(Short text fragments from websites)
- - - - -

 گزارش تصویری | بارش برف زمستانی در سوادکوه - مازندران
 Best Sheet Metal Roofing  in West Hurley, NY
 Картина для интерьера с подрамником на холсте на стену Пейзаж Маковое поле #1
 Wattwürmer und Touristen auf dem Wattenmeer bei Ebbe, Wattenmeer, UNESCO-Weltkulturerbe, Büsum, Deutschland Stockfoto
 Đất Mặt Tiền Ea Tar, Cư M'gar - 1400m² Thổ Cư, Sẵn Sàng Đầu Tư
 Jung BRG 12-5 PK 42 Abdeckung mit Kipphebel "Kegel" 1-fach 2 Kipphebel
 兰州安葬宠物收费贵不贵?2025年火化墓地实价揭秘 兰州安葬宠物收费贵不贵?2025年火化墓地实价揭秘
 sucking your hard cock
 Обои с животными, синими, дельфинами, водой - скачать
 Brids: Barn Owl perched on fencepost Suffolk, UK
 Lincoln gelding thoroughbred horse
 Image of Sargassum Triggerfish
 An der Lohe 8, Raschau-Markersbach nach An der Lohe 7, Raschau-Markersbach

- - - - -

- [Your task]
Line by line, copy the records exactly.

- [Exercise output]
 گزارش تصویری | بارش برف زمستانی در سوادکوه - مازندران
 Best Sheet Metal Roofing  in West Hurley, NY
 Картина для интерьера с подрамником на холсте на стену Пейзаж Маковое поле #1
 Wattwürmer und Touristen auf dem Wattenmeer bei Ebbe, Wattenmeer, UNESCO-Weltkulturerbe, Büsum, Deutschland Stockfoto
 Đất Mặt Tiền Ea Tar, Cư M'gar - 1400m² Thổ Cư, Sẵn Sàng Đầu Tư
 Jung BRG 12-5 PK 42 Abdeckung mit Kipphebel "Kegel" 1-fach 2 Kipphebel
 兰州安葬宠物收费贵不贵?2025年火化墓地实价揭秘 兰州安葬宠物收费贵不贵?2025年火化墓地实价揭秘
 sucking your hard cock
 Обои с животными, синими, дельфинами, водой - скачать
 Brids: Barn Owl perched on fencepost Suffolk, UK
 Lincoln gelding thoroughbred horse
 Image of Sargassum Triggerfish
 An der Lohe 8, Raschau-Markersbach nach An der Lohe 7, Raschau-Markersbach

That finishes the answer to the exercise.